Obviously you are focused on a jag :wink: 
I would go with a pair or instead of 2 jags, keep one and throw in a sal, convict, firemouth and about 10-15 dithers. Though a full size jag will eat any and all dithers :fish:


----------



## cage623 (Feb 2, 2008)

I would go with the pair. I think that as long as you have a divider handy that it would have the best long term outcome. I can't think of any dither fish that wouldn't become food for most jags.


----------



## CiChLiD LoVeR128 (Mar 22, 2006)

Breeding pair all the way! :wink:


----------



## Tyneway830 (Dec 30, 2007)

yes that is what i wanted!!! but *** read almost every site online about jags and have found that many sites recommend a 180 gallon tank at minimum for a breeding pair...is a 125 good enough or should i stick with the 1 jag and dither situation because 125 is the biggest i'm going


----------



## CiChLiD LoVeR128 (Mar 22, 2006)

Really a 180 would be best because of their size and aggression.
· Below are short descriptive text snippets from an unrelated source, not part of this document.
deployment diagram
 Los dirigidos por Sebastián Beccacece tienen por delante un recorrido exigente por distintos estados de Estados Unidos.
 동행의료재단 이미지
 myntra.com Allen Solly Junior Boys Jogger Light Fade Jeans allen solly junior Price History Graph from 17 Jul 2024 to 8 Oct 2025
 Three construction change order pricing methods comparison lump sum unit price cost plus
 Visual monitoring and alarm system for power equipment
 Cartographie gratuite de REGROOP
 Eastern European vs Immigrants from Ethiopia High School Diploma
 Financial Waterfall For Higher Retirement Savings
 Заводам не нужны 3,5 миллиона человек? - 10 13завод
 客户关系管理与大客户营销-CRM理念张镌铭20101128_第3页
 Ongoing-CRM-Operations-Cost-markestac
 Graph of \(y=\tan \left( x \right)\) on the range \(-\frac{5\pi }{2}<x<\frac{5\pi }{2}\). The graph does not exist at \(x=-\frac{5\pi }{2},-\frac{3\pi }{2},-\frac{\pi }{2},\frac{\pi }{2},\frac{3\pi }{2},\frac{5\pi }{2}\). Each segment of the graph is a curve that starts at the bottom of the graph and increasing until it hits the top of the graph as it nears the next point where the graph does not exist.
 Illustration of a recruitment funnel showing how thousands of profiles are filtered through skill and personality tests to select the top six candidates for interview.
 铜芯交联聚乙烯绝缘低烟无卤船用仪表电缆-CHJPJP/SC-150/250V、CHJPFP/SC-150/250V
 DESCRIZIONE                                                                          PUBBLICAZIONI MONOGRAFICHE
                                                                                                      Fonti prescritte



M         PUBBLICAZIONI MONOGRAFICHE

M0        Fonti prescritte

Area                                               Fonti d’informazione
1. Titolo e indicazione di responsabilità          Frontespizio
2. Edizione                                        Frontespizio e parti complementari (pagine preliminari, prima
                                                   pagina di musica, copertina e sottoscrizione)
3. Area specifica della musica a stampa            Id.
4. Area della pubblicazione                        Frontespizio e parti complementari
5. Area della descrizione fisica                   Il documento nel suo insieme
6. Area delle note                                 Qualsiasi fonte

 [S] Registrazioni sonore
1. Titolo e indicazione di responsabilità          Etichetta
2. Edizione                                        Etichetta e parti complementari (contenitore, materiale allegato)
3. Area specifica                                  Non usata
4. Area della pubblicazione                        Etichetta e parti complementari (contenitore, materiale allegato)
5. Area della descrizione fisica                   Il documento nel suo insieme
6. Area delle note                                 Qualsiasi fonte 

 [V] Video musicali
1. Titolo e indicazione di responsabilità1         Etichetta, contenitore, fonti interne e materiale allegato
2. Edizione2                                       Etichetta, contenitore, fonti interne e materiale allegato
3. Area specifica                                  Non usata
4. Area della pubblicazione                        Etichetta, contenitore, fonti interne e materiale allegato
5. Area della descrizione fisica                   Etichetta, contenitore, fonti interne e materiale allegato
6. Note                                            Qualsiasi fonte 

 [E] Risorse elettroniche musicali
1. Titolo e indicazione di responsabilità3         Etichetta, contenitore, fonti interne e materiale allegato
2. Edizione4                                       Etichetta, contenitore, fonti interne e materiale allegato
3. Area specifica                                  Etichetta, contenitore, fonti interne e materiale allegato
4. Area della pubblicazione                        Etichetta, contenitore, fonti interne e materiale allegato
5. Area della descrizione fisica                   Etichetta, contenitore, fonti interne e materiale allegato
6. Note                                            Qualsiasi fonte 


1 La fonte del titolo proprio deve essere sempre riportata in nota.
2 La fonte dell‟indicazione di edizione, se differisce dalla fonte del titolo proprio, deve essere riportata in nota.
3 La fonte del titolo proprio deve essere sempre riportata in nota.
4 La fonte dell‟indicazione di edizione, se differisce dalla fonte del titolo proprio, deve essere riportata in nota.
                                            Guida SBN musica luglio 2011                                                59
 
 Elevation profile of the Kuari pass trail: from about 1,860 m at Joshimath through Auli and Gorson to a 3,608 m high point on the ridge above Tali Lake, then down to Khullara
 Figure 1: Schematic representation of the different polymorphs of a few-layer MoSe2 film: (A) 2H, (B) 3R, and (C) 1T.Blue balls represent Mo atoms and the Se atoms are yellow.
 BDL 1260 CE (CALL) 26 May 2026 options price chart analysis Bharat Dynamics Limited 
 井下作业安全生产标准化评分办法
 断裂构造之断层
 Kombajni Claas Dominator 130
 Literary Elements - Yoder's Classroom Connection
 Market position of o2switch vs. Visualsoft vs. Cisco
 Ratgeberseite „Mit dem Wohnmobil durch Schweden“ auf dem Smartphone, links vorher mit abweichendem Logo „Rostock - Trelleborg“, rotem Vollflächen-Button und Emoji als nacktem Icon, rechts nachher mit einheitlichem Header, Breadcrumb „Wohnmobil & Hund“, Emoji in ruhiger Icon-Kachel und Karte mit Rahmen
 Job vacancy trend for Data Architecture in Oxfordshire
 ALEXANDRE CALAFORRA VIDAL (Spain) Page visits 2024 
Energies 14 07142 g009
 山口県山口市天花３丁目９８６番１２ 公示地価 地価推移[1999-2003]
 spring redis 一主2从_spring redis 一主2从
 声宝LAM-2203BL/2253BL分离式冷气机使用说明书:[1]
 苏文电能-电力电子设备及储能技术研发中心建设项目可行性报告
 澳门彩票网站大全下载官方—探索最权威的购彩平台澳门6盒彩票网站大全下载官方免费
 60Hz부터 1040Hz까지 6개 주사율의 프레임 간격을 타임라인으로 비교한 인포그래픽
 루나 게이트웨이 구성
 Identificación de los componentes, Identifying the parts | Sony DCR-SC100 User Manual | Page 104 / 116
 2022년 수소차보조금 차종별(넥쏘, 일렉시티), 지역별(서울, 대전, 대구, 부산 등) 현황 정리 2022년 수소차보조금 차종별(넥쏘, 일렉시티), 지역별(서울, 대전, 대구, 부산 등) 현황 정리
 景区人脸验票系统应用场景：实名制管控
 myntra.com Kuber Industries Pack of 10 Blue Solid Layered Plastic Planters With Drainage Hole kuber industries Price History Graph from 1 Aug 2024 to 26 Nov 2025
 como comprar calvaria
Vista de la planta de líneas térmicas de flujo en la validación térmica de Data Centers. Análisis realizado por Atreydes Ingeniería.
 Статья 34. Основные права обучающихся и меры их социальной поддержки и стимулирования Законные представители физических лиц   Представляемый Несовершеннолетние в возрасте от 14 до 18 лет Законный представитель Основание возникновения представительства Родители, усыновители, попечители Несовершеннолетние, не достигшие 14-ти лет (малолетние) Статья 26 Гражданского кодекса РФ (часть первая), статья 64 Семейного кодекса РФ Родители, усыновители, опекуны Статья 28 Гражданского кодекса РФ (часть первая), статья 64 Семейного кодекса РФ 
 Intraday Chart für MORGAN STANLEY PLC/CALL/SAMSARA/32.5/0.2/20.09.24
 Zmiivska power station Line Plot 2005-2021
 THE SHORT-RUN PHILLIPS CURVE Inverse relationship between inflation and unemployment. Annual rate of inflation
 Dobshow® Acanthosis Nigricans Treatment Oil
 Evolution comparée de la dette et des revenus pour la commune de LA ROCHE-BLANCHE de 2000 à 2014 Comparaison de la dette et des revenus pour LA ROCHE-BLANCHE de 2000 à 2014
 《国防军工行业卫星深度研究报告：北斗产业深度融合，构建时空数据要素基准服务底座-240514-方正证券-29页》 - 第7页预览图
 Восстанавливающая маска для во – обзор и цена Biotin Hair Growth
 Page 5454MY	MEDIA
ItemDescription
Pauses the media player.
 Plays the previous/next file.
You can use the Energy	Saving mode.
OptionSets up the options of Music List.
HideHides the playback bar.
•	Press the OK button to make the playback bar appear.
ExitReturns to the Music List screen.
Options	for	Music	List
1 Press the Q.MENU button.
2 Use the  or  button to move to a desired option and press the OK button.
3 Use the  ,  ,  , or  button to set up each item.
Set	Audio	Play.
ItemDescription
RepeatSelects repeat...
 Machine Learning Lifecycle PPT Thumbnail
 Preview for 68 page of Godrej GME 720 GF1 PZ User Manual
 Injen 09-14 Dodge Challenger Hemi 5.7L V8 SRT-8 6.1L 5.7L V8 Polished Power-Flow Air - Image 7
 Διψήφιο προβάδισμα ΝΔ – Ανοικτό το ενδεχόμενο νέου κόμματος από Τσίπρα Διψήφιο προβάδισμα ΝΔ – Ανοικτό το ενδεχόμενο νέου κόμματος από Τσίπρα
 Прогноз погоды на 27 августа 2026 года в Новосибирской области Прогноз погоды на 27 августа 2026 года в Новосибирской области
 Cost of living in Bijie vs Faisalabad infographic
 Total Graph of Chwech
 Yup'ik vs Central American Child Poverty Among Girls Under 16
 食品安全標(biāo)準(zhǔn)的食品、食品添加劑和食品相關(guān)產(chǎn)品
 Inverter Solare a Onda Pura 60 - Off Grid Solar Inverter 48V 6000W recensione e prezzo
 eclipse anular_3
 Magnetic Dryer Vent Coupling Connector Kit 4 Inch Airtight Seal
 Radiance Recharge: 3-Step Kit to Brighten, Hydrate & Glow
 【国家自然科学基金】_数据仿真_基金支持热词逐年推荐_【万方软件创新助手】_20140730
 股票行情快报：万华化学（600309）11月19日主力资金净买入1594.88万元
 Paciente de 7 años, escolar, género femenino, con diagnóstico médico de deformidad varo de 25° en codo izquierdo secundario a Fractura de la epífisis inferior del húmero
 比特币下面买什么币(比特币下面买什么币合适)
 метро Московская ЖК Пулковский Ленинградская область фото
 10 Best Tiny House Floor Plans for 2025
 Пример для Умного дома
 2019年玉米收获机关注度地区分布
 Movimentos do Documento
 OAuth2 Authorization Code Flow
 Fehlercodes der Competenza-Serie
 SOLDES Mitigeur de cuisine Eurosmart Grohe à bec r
So they aren't lieing but also neither are we. A 125 would be the VERY minimum for a pair! It can work just fine. You just have to keep an eye on the two and divide them off when necessary. I would either build up a divider for the 125 or get a 75gal and seperate them when needed. Just my input.


----------



## trimac (Mar 27, 2003)

If you do decide on a pair use a divider and when they get larger construct a hole that is only big enough for the female to pass.


----------



## Tyneway830 (Dec 30, 2007)

well when it comes to finding a pair i was thinking the most logical way would be to buy maybe 6 or so when they are small to find a pair... whats a good size to buy them at to where they will pair off quickly at?


----------



## CiChLiD LoVeR128 (Mar 22, 2006)

I would just say buy 6 juvies. Its more enjoyable that way! Because you rasied them from young and the bond will be stronger. Also they are cheaper and a better way to get a good pair! I have heard they start spawning around 4 inches. Good luck!


----------